Incidents/2020-09-25 s5 replication lag

document status: in-review

Summary

A number of s5 database replicas in the Eqiad and Codfw data centres alerted about replication being stopped due to a duplicate key. This lead to watchlist and recentchanges delays.

Impact: Editors of wikis hosted in the s5 section (see s5.dblist) saw stale data in recentchanges and watchlist interfaces.

Affected wikis at time of incident

avk.wikipedia.org
ceb.wikipedia.org
de.wikipedia.org
en.wikivoyage.org
ja.wikivoyage.org
lld.wikipedia.org
mg.wiktionary.org
mh.wiktionary.org
mus.wikipedia.org
sh.wikipedia.org
sr.wikipedia.org

Timeline

All times below are in UTC and referring to 2020-09-25

11:42: pages for s5 replication for db2137, db2139, db2089, db2099
11:45 icinga is reporting about a duplicate key in enwikivoyage's ipblocks table
11:51: sobanski pings jcrespo

* 11:55 Incident opened. Alexandros Kosiaris becomes IC

11:58 jcrespo joins
12:13 jcrespo deletes duplicate ipb_id=16326 on db2089 and starts replication manually
12:16: db2089 lag recovers
12:17: jcrespo applies same fix to all hosts
12:22: All hosts lag recover
12:23: It is decided that all eqiad hosts exhibiting the issue, will not be touched to allow use of them as guinea pigs U during the research phase of the root case

* 12:25: Incident ends.

15:23 jynus: fixing enwikivoyage ipblocks inconsistency cluster-wide T263842 (to prevent the issue again on the same table). * All hosts back to normal (including eqiad). https://sal.toolforge.org/log/MFncxXQBgTbpqNOm_cm1

Detection

Automated monitoring caught the issue, SRE was paged about stopped replication in a number of s5 replicas. The alerts were appropriate, sufficient and to the point. People responded and escalated to more equipped ones to handle the incident.

Conclusions

There are two possible explanations for this crash:

1) The drift was there and we inserted a row that touched it

2) The drift was generated somehow from MW.

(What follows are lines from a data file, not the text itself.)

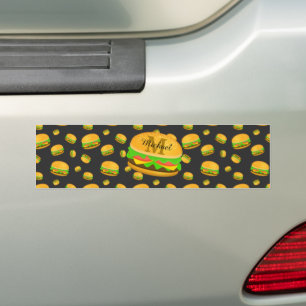 Kühle und lustige leckere Burger-Muster-Monogramm Autoaufkleber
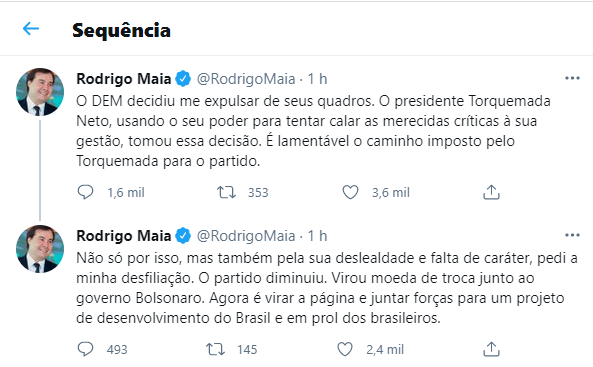 Após expulsão, Maia compara ACM a inquisidor: 'Torquemada Neto' - Redes Sociais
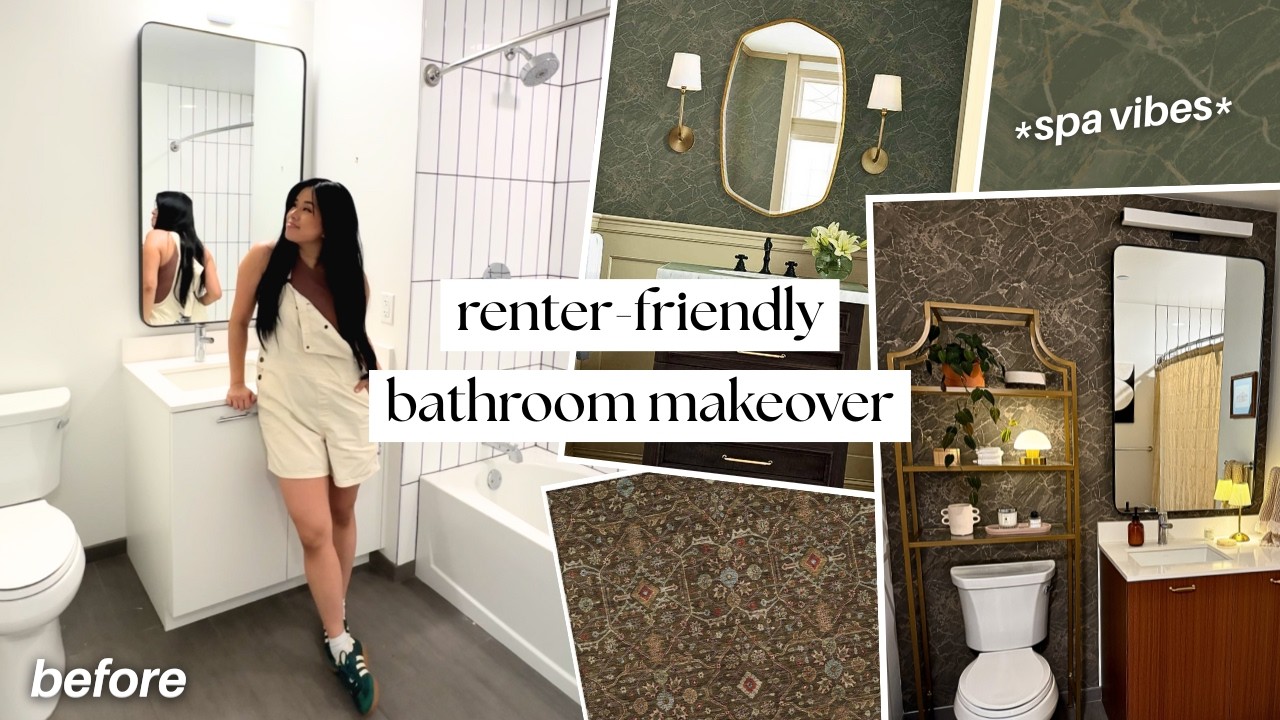 MOODY BATHROOM MAKEOVER! CALM BATHROOM OF MY DREAMS 🫶 *diy renter-friendly ideas*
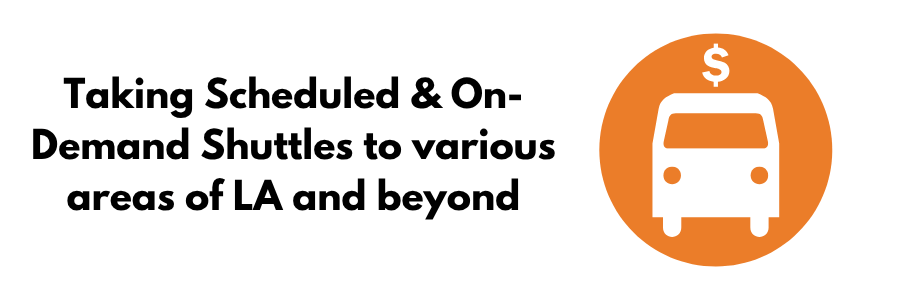 Title of the section and symbol for scheduled and on-demand shuttle services from LAX airport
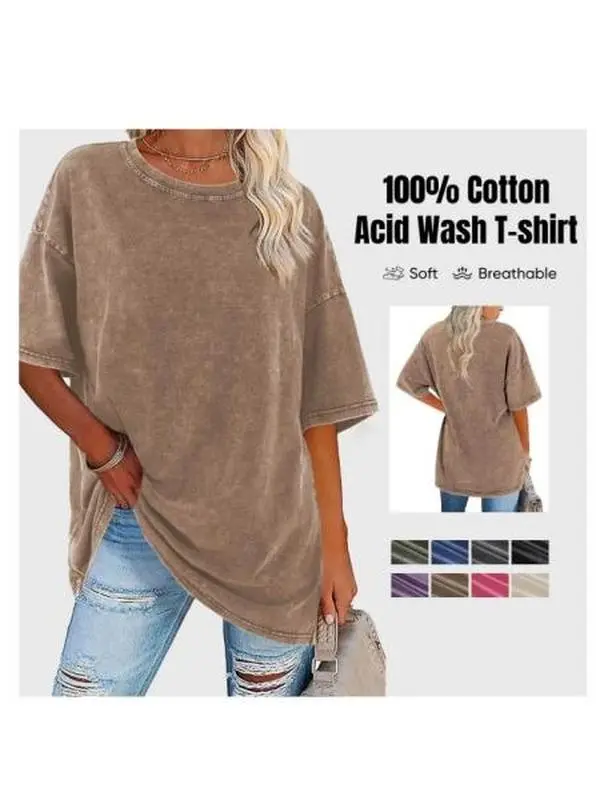 Women's Oversized T-Shirt, Vintage Acid Washed Heavy Cotton Streetwear Top with a Loose Fit and Crew Neck, Oversized Tshirt Women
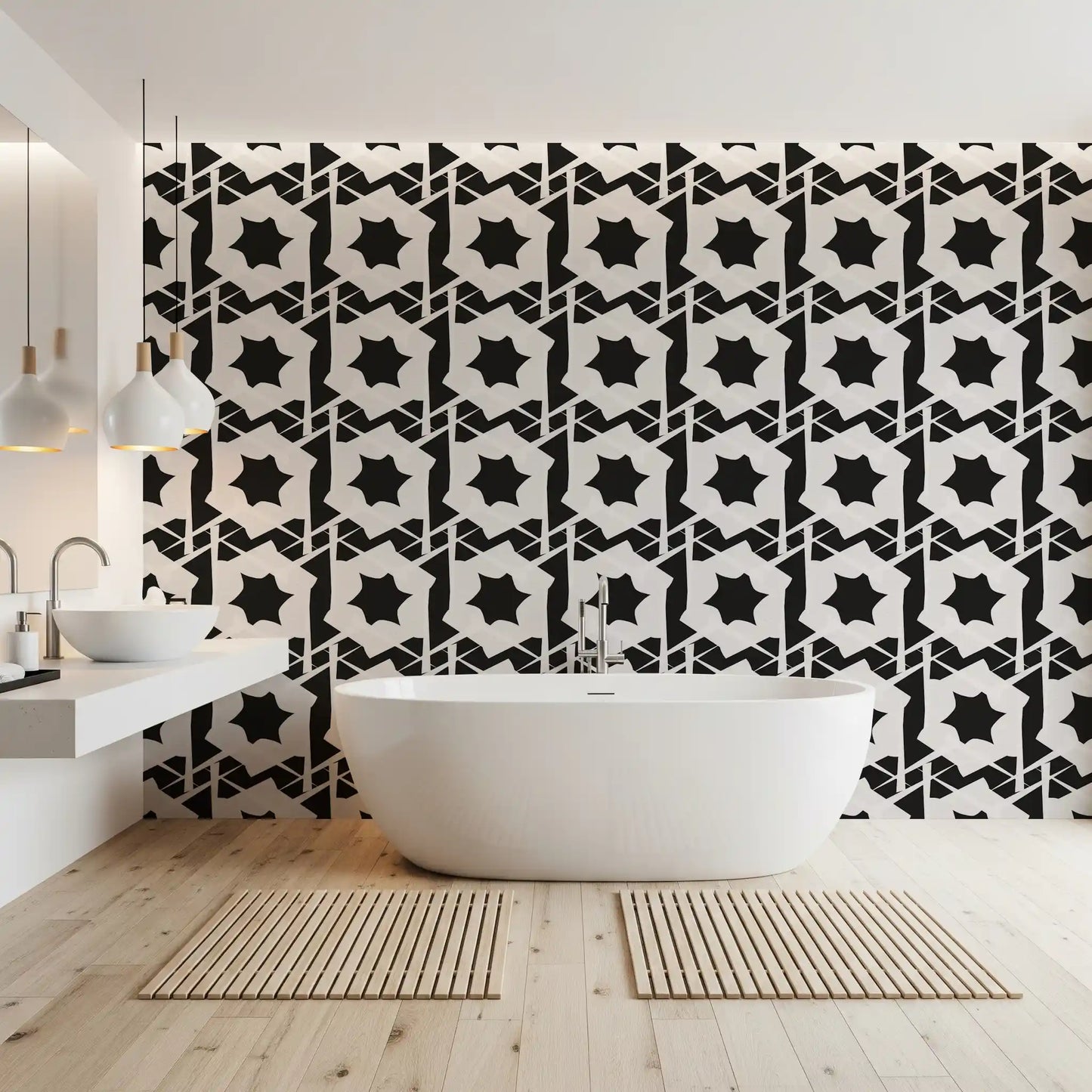 Tapeten mit ineinandergreifender monochromatischer Geometrie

The first option is hard to see, as that table was recently checked before the switchover and came up clean (https://phabricator.wikimedia.org/T260042) There is also the fact that the row that failed had a timestamp from around the time of the crash. The sequence of events within the transaction that failed is interesting and it definitely didn't help that we are using INSERT IGNORE here. This is a summary from the binlog transaction for the broken entry and with the affected ipb_address_unique UNIQUE:

'REDACTED',ipb_user = 0,ipb_auto = 0

This contains the first insert that went thru (it maybe failed, but as it has the IGNORE...) with the timestamp: 20200925113933 :

BEGIN
INSERT /* MediaWiki\Block\DatabaseBlockStore::insertBlock  */ IGNORE INTO `ipblocks`

Then an UPDATE on that same row that broke on some replicas, with a duplicate entry, it has this timestamp: 20200925110538.

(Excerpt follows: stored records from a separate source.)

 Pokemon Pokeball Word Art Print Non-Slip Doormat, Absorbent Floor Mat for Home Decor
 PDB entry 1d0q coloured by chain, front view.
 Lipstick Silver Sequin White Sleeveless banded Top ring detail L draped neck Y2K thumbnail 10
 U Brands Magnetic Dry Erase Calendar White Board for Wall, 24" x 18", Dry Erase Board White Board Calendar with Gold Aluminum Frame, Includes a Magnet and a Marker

UPDATE /* MediaWiki\Block\DatabaseBlockStore::updateBlock  */  `ipblocks` SET ipb_address = 'REDACTED',ipb_user = 0,ipb_timestamp = '20200925110538',ipb_auto = 0

That is the row that was already existing on some hosts:

root@db2089.codfw.wmnet[enwikivoyage]> SELECT * FROM ipblocks where ipb_address = 'xxxx'\G
*************************** 1. row ***************************
         	ipb_id: xxxx
    	ipb_address: xxx
       	ipb_user: 0
   	ipb_by_actor: xxxx
  	ipb_reason_id: xxxx
  	ipb_timestamp: 20200925110538
The values for ipb_address_unique on the insert were:
62.XXX.2X,0,0

And the values for that same UPDATE for that same key were exactly the same, with just the modification of the timestamp from 20200925113933 to 20200925110538. What doesn't make sense to me is that there was an existing row with 20200925110538 timestamp (even if the timestamp isn't part of the UNIQUE).

Looking for that that same IP on the existing binlogs on an affected replica (binlogs from today till 20th Sept) and there's no trace of that IP being added there. Same on the Eqiad master, which has binlogs from 29th Aug till today, no trace of that IP being added to ipblocks, before the sequence of events. The timestamps of the first entry on eqiad and codfw master are the same.

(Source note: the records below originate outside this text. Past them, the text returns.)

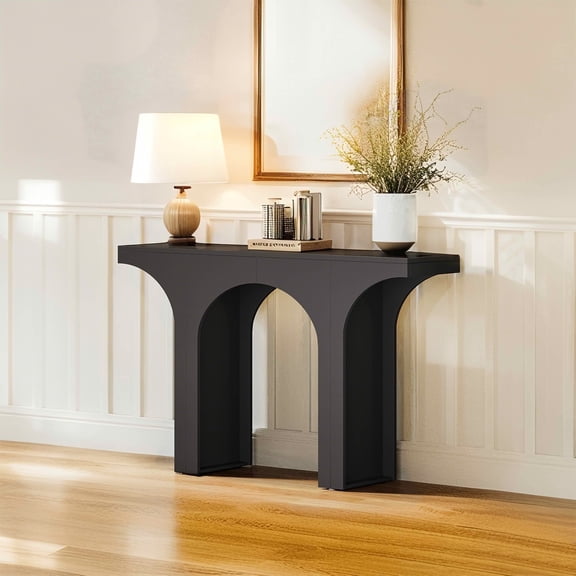 MAYEERTY 47 Inch Minimalist Arch Base Wooden Console Table, E1 Wood Block Spliced Narrow Entry Decor Sofa Display Table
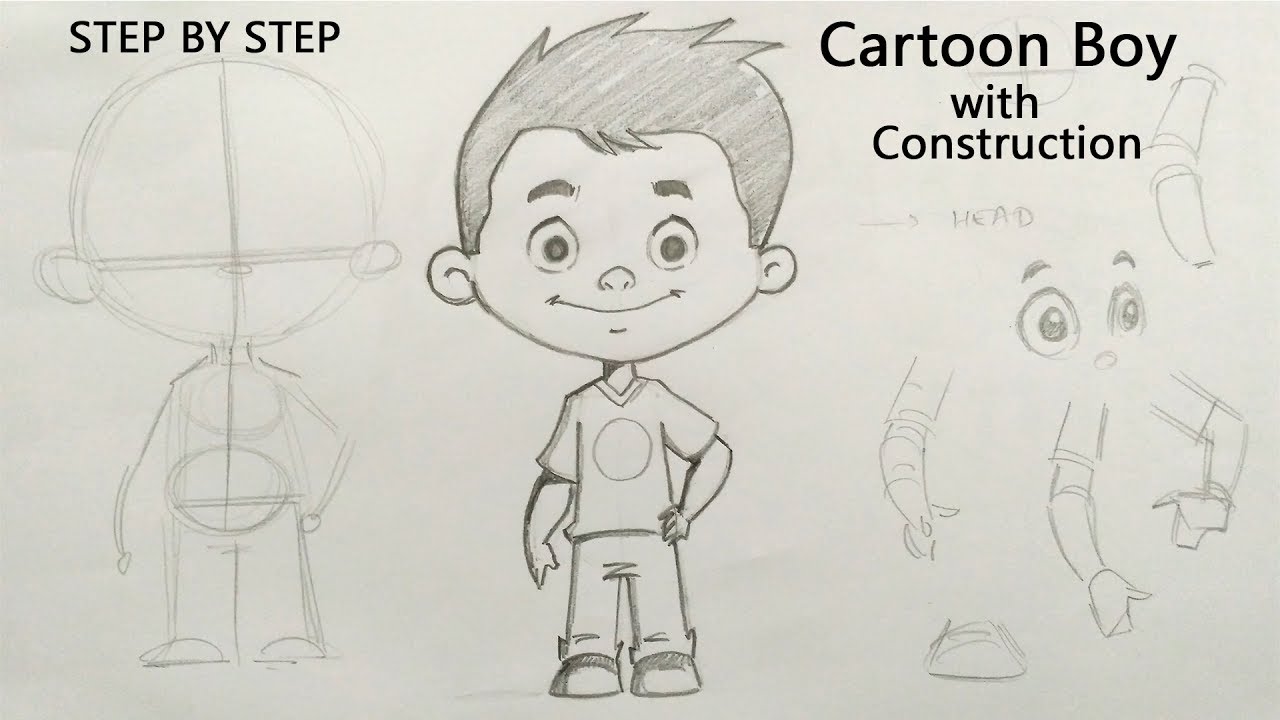 1280x720 Learn How To Draw A Cartoon Boy Character Step By Step Tutorial - Cartoon Characters Sketch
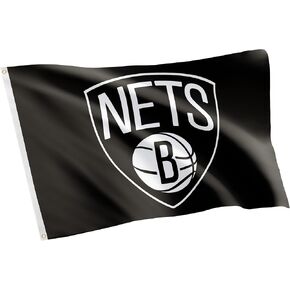 Desert Cactus Brooklyn Nets Flag NBA 100% Polyester Indoor Outdoor 3x5 feet National Basketball Association Team Flags (Flag #1)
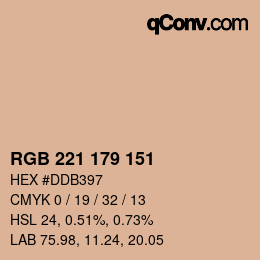 カラーコード: RGB 221 179 151 | qconv.com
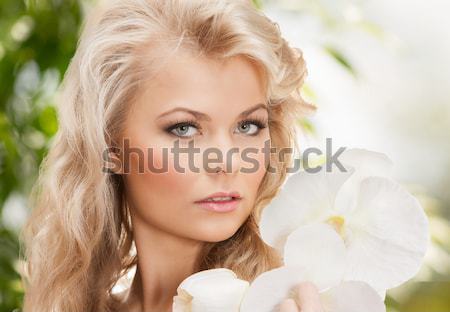 Imagine de stoc: Femeie · frumoasa · orhidee · floare · imagine · femeie · natură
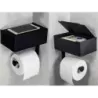 Uchwyt na papier toaletowy z pojemnikiem na chusteczki półką czarny loft wc-5907451353127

Option 2 for this crash would imply that MW somehow introduced that inconsistency with an unsafe statement like INSERT IGNORE, however, it is difficult to know why only a few hosts failed.

What went well?

Automated monitoring caught the issue
People responded to the pages
The pages were accurate and pointed out the issue
Incident was opened promptly, the more appropriate people were pinged quickly.
Mitigation was tested, applied on select hosts and then applied to all hosts.

What went poorly?

The deeper causes of this aren't yet known
Only 2 people were most qualified to react and weren't in front of a computer right at the time. This signifies a low bus factor

Where did we get lucky?

Not all of the replicas exhibited the issue, allowing for s5 to continue operating quite normally, albeit with performance degradation.

How many people were involved in the remediation?

4 SREs (one of which was Incident Coordinator).

Links to relevant documentation

None. The alert pointed to https://wikitech.wikimedia.org/wiki/MariaDB/troubleshooting#Depooling_a_replica, but this would not have helped in this case. Arguably, this event requires knowledge of what has happened, familiarity with MySQL/MariaDB databases and a judgement call in order to avoid making the split brain worse. A runbook may never be appropriate

Actionables

Investigate the deeper causes of the incident. T263842. Deeper causes still unknown. Done
Automatic and continuous data checks (at least for the most important/big tables) T207253
Re-evaluate the use of INSERT IGNORE on ipblocks T264701